Derivative of area of ellipse with respect to axis Suppose $A(a,b)$ defines the area of an ellipse with axes $a,b$. We know that $A(a,b)=\pi ab$, and so $\partial_bA(a,b) = \pi a$. 
But suppose I parameterize the ellipse in polar coordinates as $r(\theta) = \sqrt{a^2\cos^2 \theta + b^2\sin^2 \theta}$. Then the area is given by $$\int_0^{2\pi}\frac12 r^2 d\theta$$ and so $$\partial_bA(a,b)=\partial_b \int_0^{2\pi}\frac12 a^2\cos^2 \theta + b^2 \sin^2 \theta\,d\theta\\=\int_0^{2\pi}\partial_b \frac12( a^2\cos^2 \theta + b^2 \sin^2 \theta) \, d\theta=\pi b.$$
What am I doing wrong?
 A: Your polar coordinate parametrization is incorrect. See: https://en.wikipedia.org/wiki/Ellipse#Polar_form_relative_to_center
The issue is that the theta parameter for the cartesian parametrization $(a*\cos\theta,b*\sin\theta)$ is not the same as the angle $\theta$ in polar. The polar angle $\theta$ for $(a*\cos t,b*\sin t)$ (when $t\in(0,\pi/2)$) is $\tan^{-1}\left(\frac{b}{a}\tan t\right)$, which is not $t$.

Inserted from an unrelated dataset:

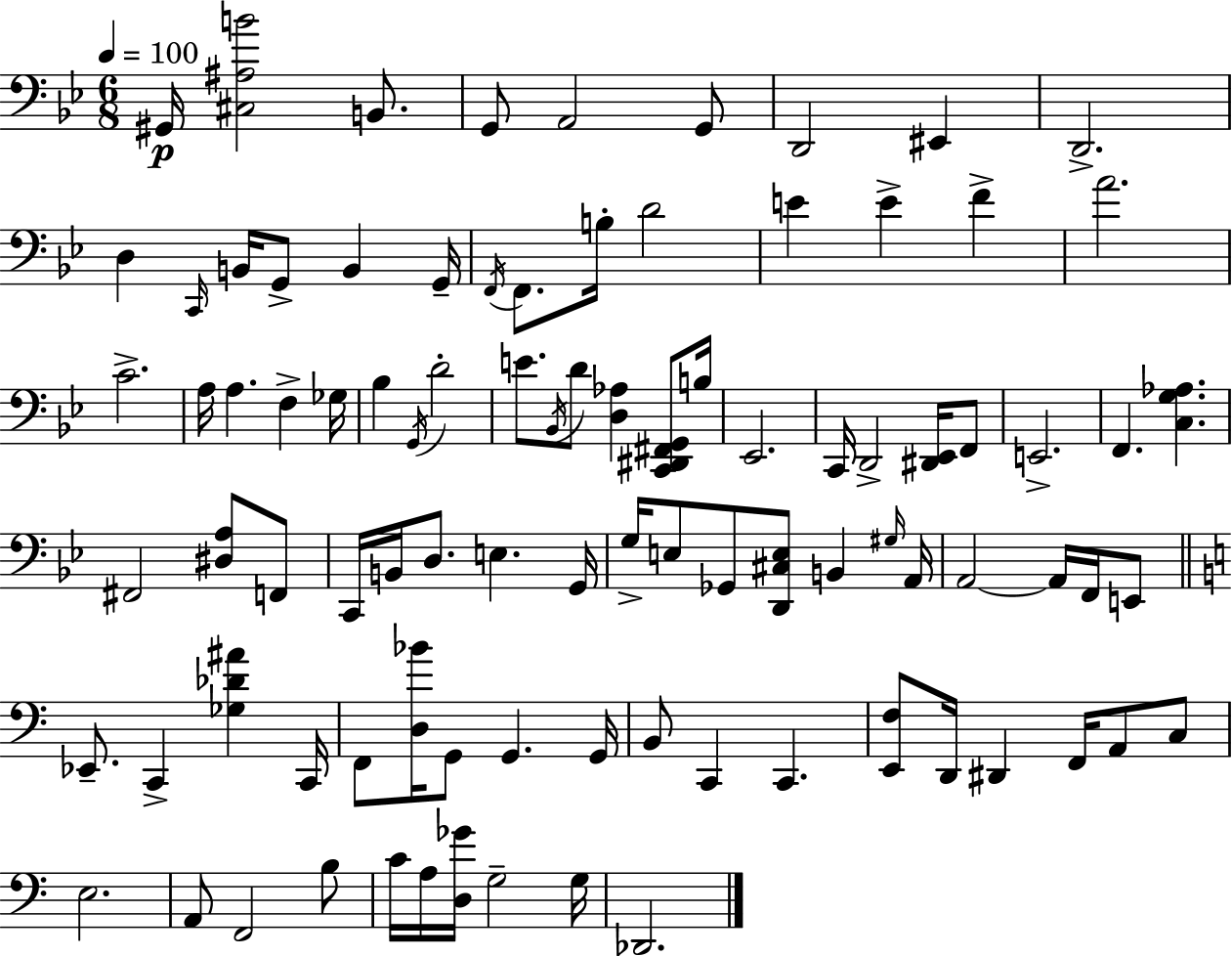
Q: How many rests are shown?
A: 0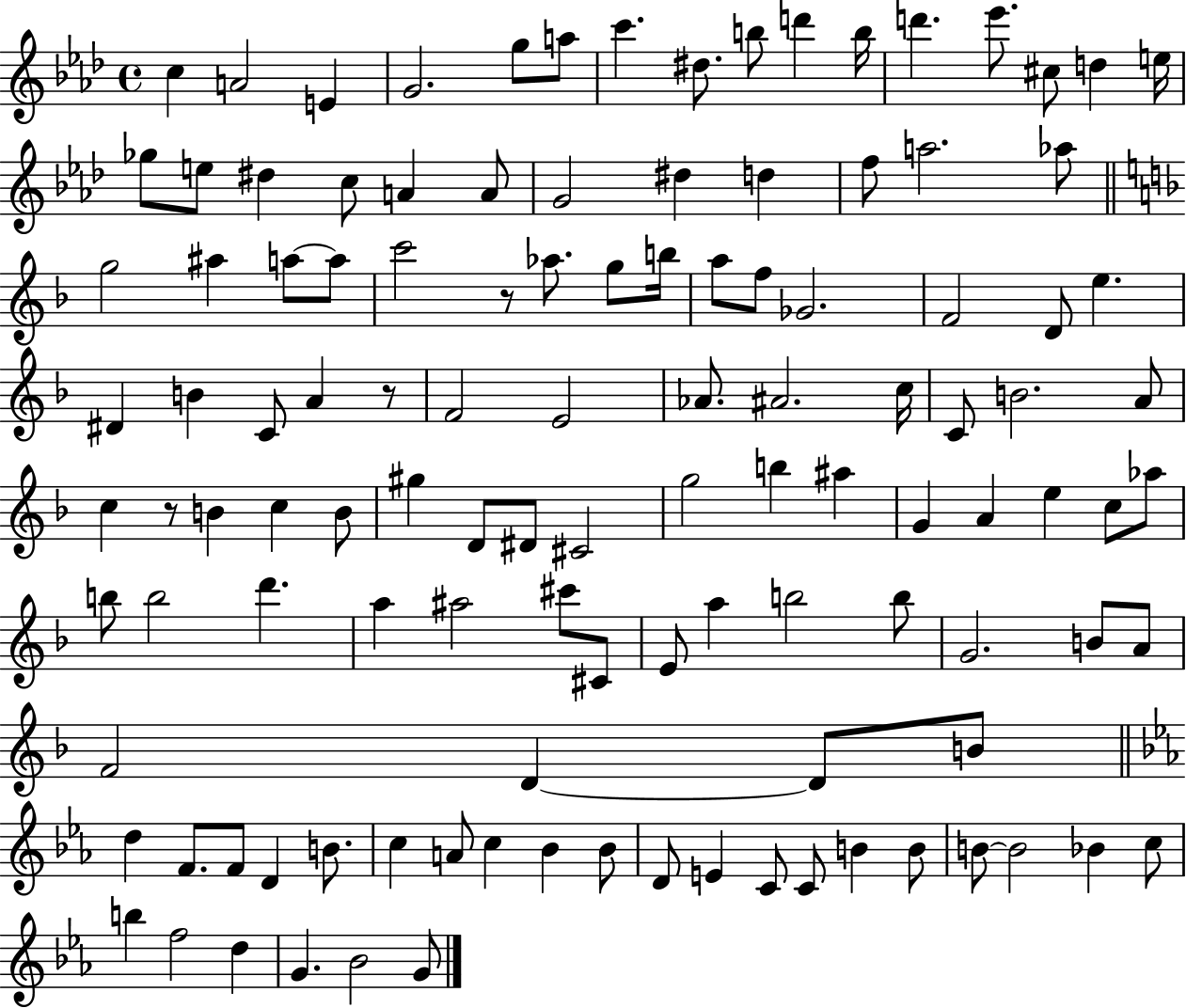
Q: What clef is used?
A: treble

A: Why don't you compute the area as follows:
$$A(a,b) = 4 I(a,b), \quad I(a,b) =  \int^a_0 b \sqrt{1-(x/a)^2}\,dx \, ?$$ 
$I(a,b)$ is the area of the 1st quad ellipse defined by $(x/a)^2+(y/b)^2-1=0$. Then, substituting $(x/a)^2 = \cos\alpha$ in the integral, it yields to $A(a,b) = \pi a b$.
Edit: as Mark indicated, the parametrization you used is not correct. In fact, the 1st quad ellipse can be parametrized as follows:
$$x = \rho \cos\theta, \quad y = \rho \sin\theta, \quad 0<\theta<\pi/2,$$ 
where the limits for $\rho$ are to be determined from the definition of the ellipse. In fact, it reads that:
$$0 < \rho < \left(\frac{\sin^2 \theta}{a^2} + \frac{\cos^2 \theta}{b^2} \right)^{-1/2} = \rho_E.$$
Therefore, the area of the ellipse can be obtained by:
$$A(a,b) = 4 \int_E 1 \, dE = 4 \int^{\pi/2}_0 \int^{\rho_E(\theta)}_0 |J| \, d\rho d\theta =  \pi a b,$$
where $J(\rho,\theta) = \rho$ is the jacobian matrix of the parametrization and $| \ |$ denotes determinant.
I must admit that Mathematica helped me a bit with this last calculation. 
I hope this is useful to you.
Cheers!